● **GIVEN DATA**:
--- START ---
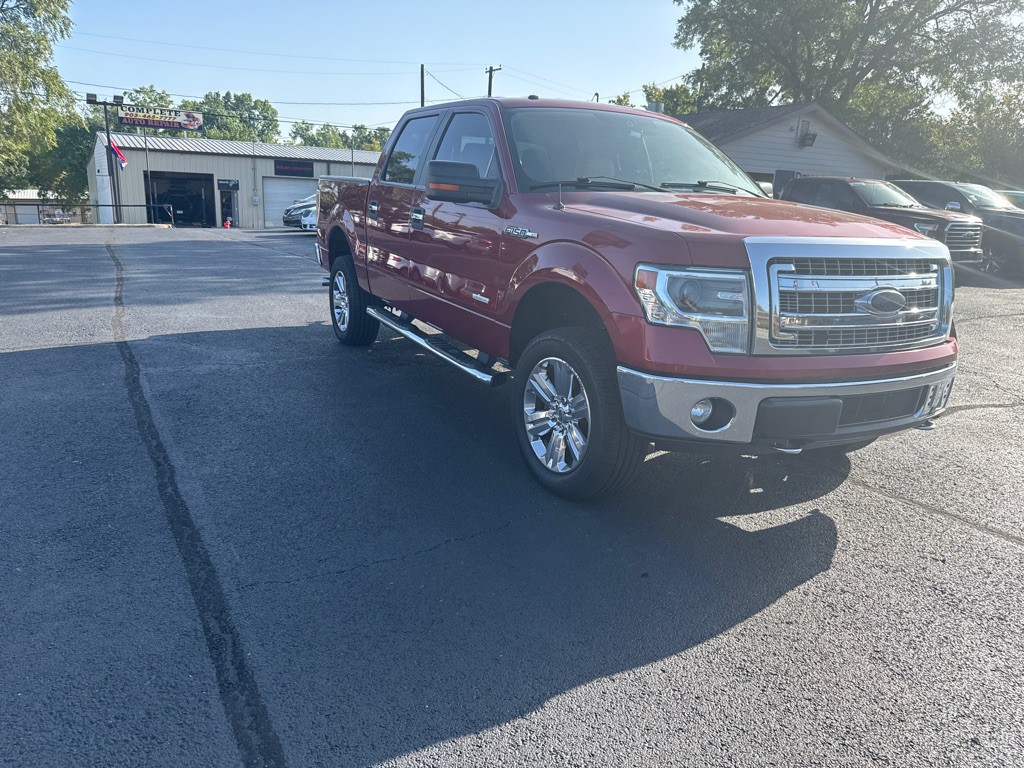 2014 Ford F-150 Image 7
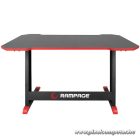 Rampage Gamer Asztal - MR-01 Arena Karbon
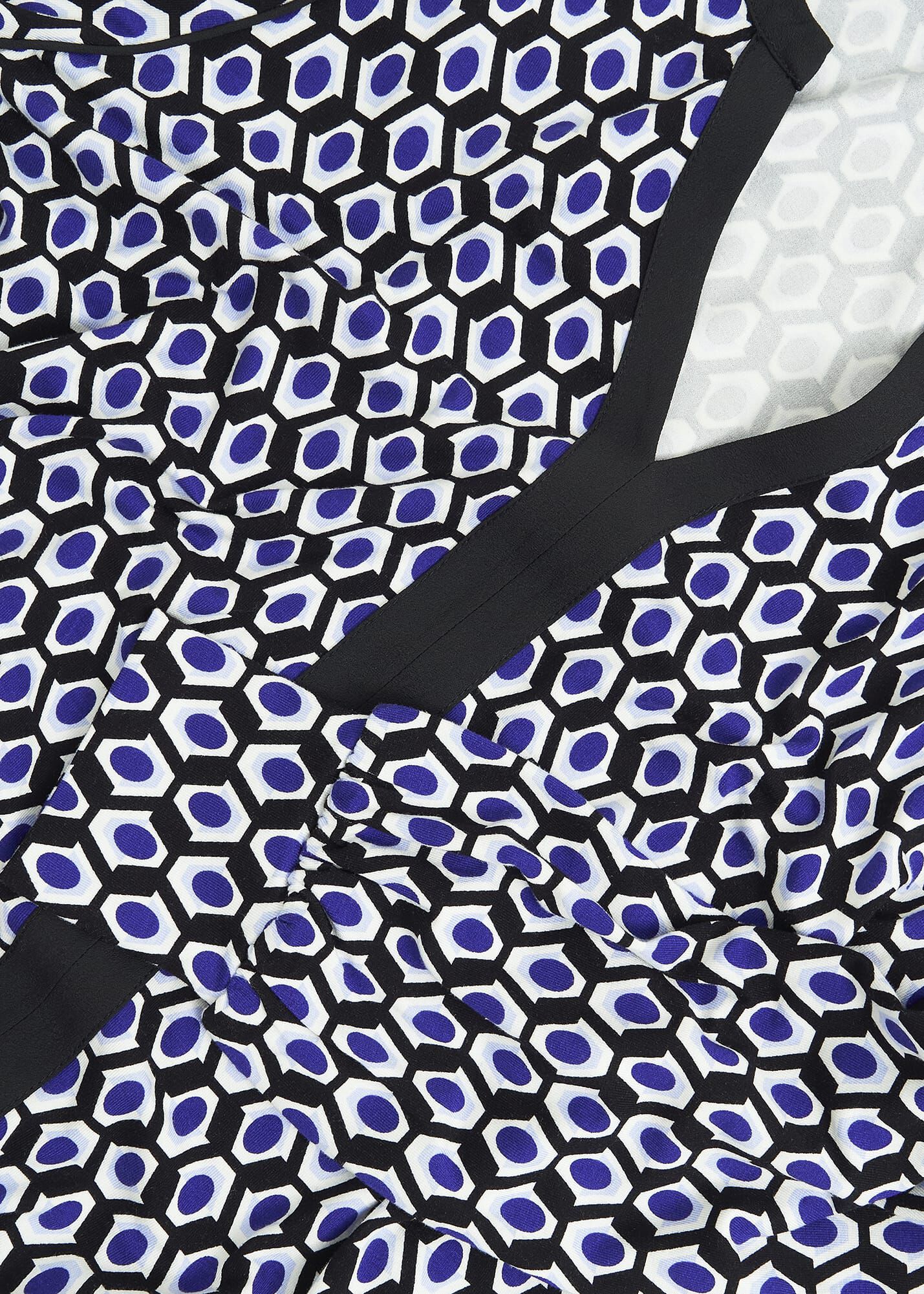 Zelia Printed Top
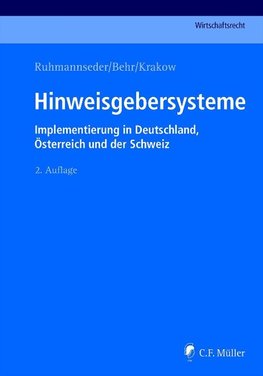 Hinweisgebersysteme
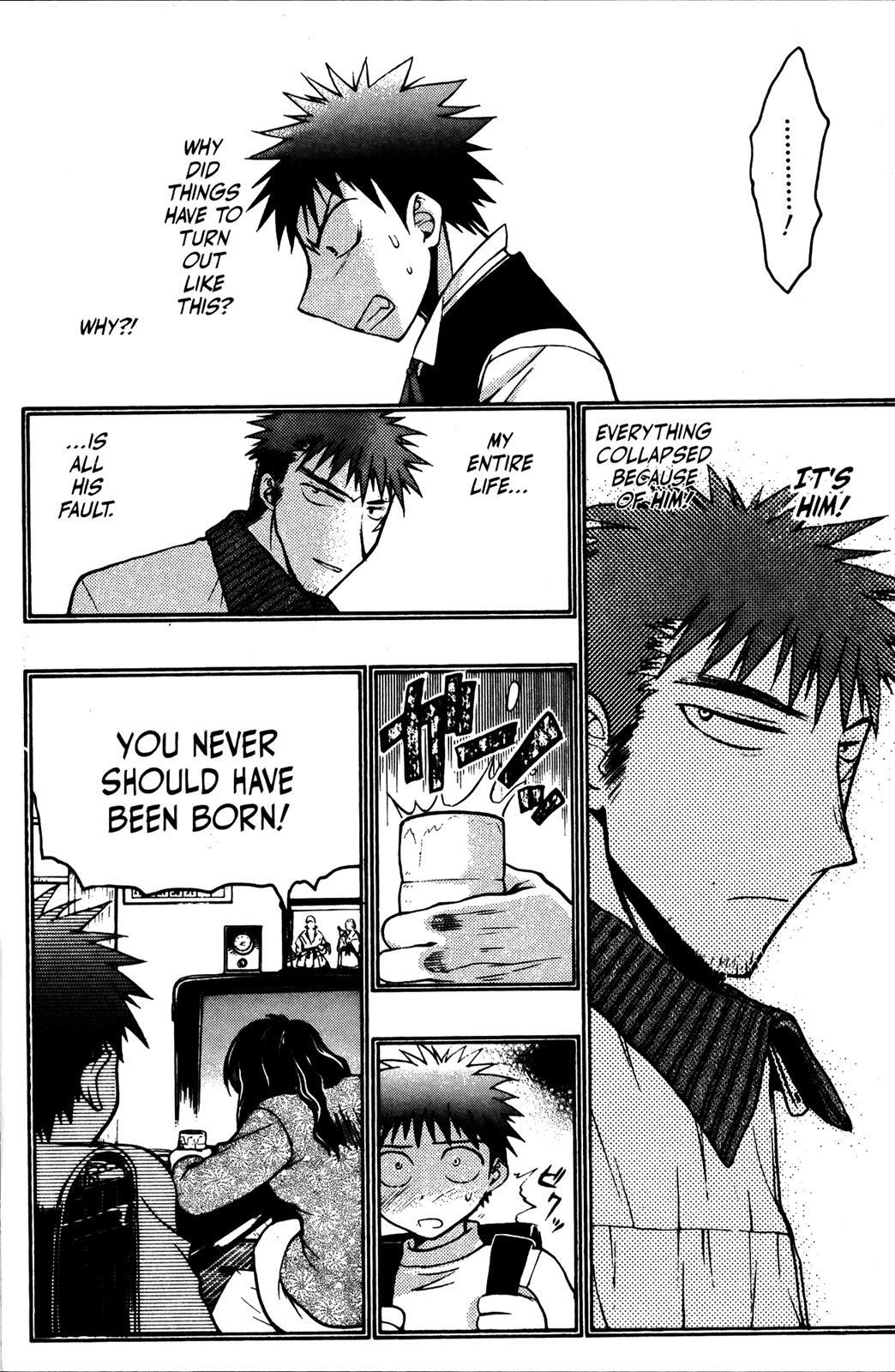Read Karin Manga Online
--- END ---
--- START ---
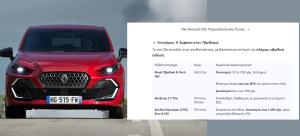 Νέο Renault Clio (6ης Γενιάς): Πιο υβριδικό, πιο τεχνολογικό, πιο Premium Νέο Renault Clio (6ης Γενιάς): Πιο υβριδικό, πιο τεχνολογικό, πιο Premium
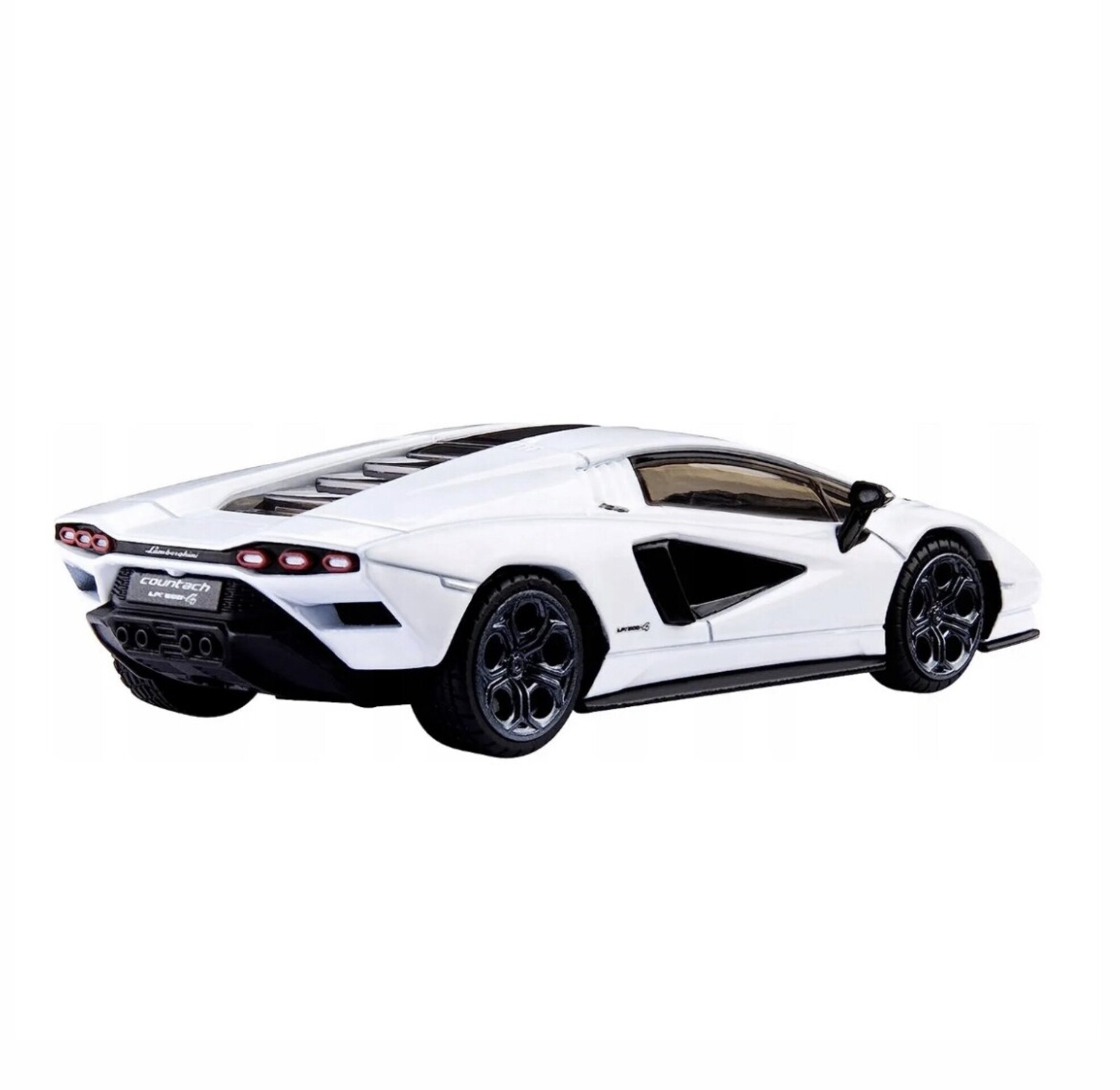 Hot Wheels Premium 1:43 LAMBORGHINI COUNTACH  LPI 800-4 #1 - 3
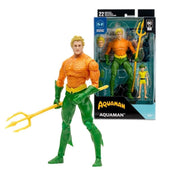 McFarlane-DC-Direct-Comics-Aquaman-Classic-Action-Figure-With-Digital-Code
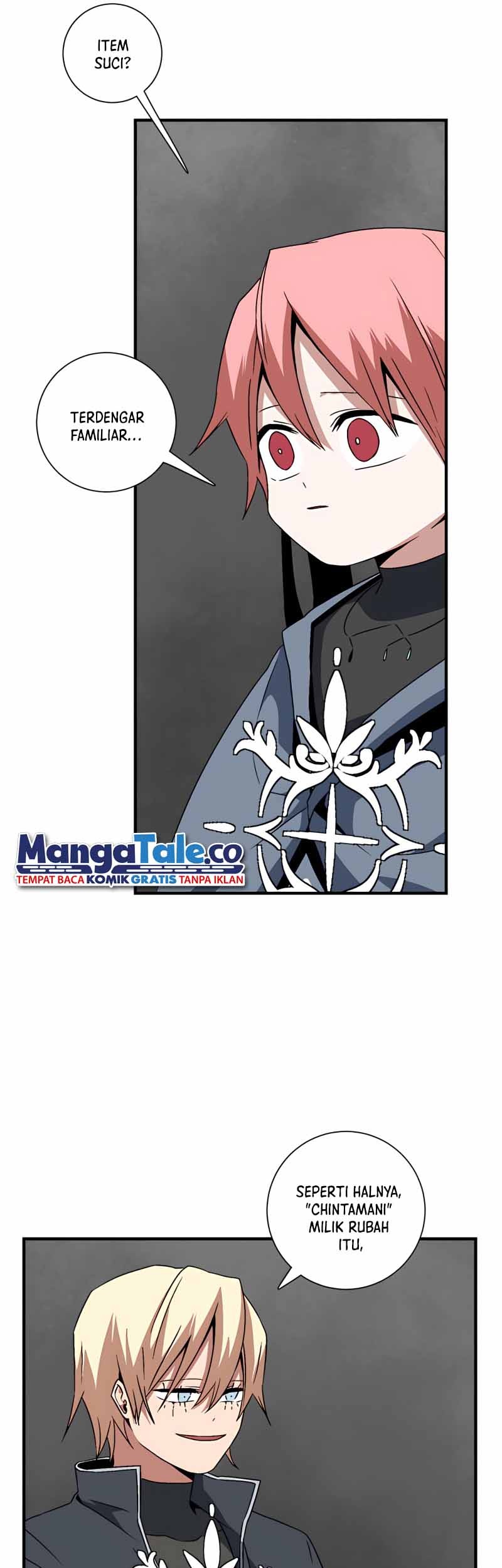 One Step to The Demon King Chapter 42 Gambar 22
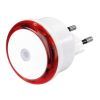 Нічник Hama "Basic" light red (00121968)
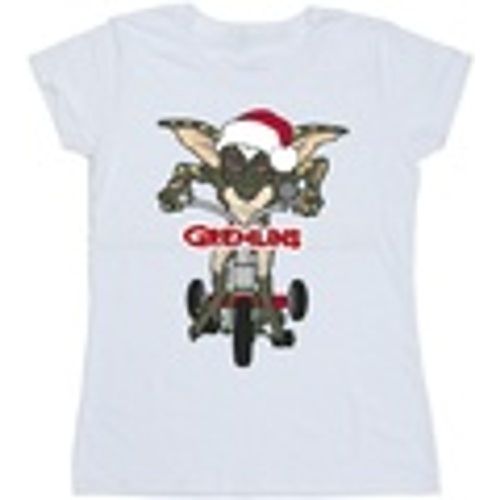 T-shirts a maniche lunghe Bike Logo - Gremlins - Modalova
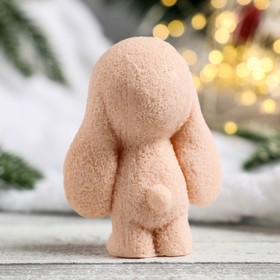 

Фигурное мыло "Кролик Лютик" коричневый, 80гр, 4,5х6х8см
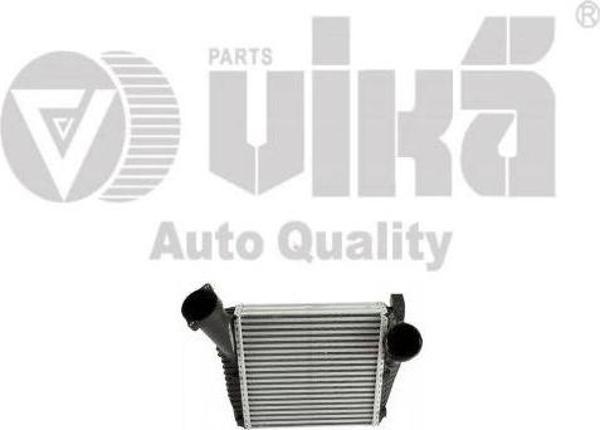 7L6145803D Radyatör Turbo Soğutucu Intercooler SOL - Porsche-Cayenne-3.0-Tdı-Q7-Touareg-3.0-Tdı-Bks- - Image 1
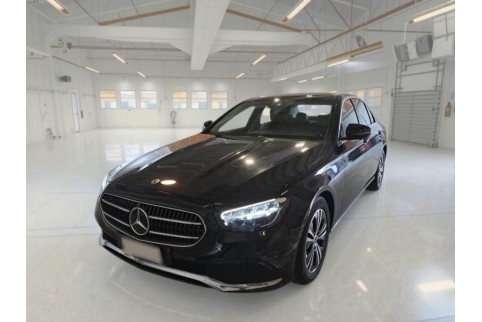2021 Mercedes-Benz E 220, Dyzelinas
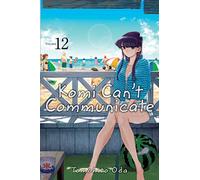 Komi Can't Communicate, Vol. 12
--- END ---
● **EXERCISE REQUIREMENTS**: What are the lines in the records above, word for word, from the one containing "2014 Ford F-150 Image 7" through the one containing "Read Karin Manga Online", both ends included and pictures left out?

● **EXERCISE RESPONSE**:
 2014 Ford F-150 Image 7
 Rampage Gamer Asztal - MR-01 Arena Karbon
 Zelia Printed Top
 Hinweisgebersysteme
Read Karin Manga Online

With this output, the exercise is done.